Property tax relief for seniors in Arizona

Are Seniors in Arizona entitled to some property tax relief?

Yes. The relief comes in several forms.

First, there is an exemption for widows, widowers and totally disabled persons. For qualified people, the exemption has the effect of reducing the assessed value of the real property by up to $3,000 with a corresponding reduction in property tax. Second, there is a program of tax deferral. Under the deferral program, payment of property taxes is not required until the real property is sold or the person dies or the property becomes income producing. Third, under Proposition 104, which passed in 2000, qualified individuals are granted a property tax freeze.

Where does a Senior apply for an exemption or freeze?

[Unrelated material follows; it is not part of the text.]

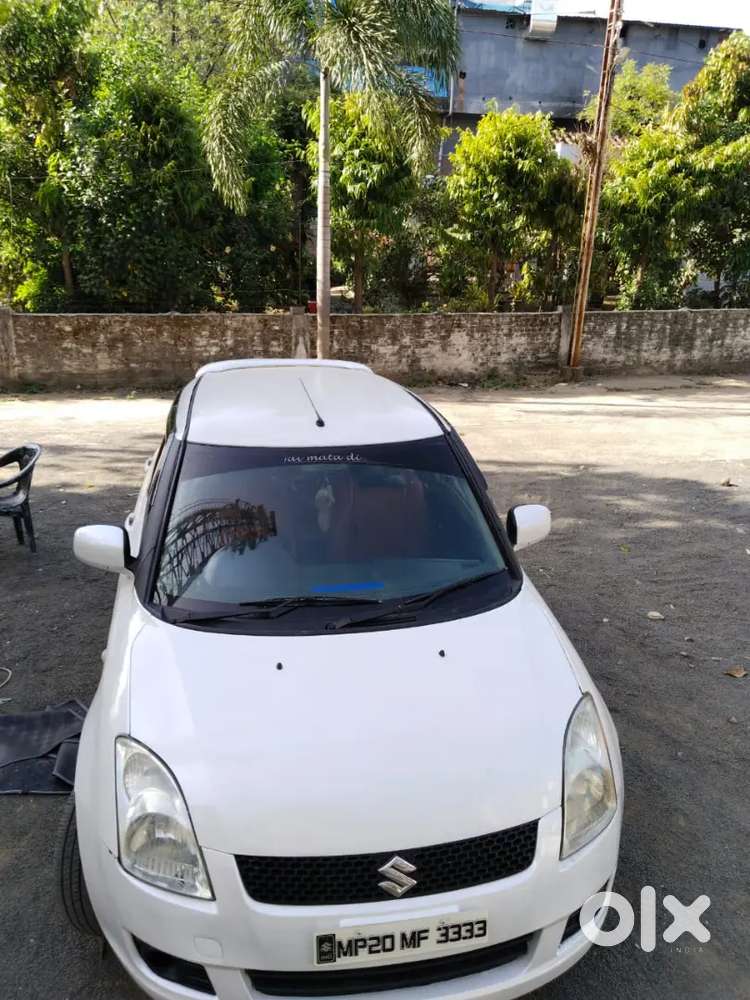 Urgently Sale Switft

Apply at the office of your county tax assessor. In Pima County, phone Grace Gutierrez at 243-6260 to inquire about exemptions and phone 243-6254 to Speak to Monica Garayzar about the Prop. 104 property tax freeze.

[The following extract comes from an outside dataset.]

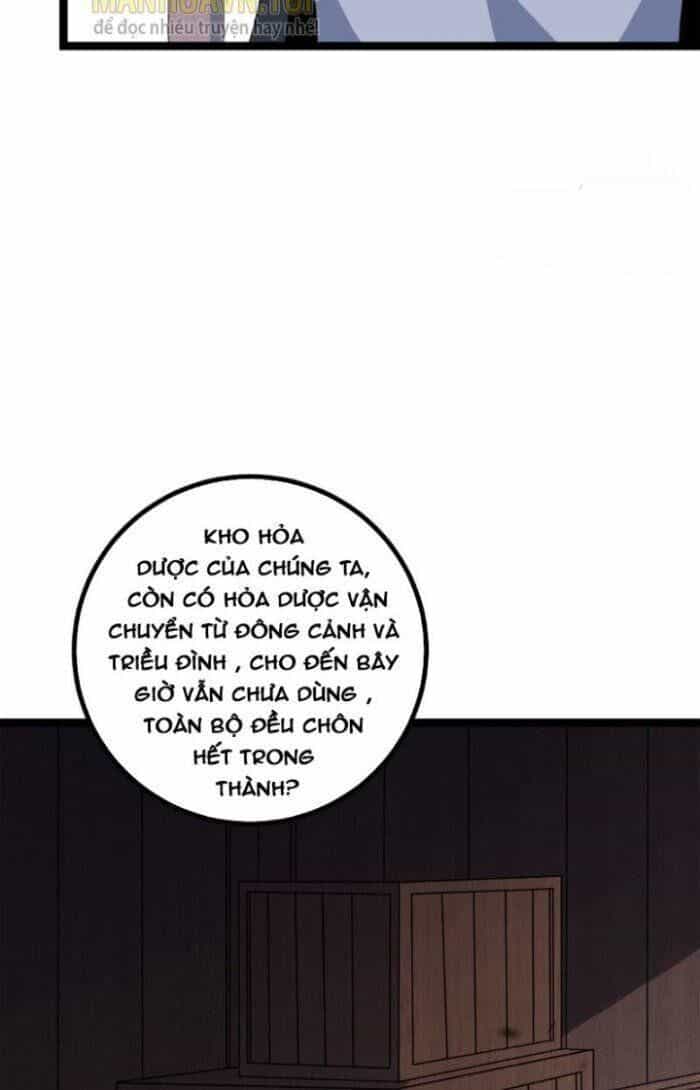 Ta Làm Kiêu Hùng Tại Dị Giới - Chương 438 - ảnh 24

What are the requirements to obtain an exemption?

Arizona Revised Statute Section 42-11111. Exemption for property of widows, widowers and disabled persons

A. The property of widows, widowers and disabled persons who are residents of this state is exempt from taxation to the extent allowed by article IX, sections 2, 2.1, 2.2 and 2.3, Constitution of Arizona, and subject to the conditions and limitations prescribed by this section.

B. Pursuant to article IX, section 2.3, Constitution of Arizona, the exemptions from taxation under this section are allowed in the amount of

1. Three thousand dollars if the person's total assessment does not exceed ten thousand dollars.

2. No exemption if the person's total assessment exceeds ten thousand dollars.

C. For the purpose of determining the amount of the allowable exemption pursuant to subsection B, the person's total assessment shall not include the value of any vehicle that is taxed under title 28, chapter 16, article 3.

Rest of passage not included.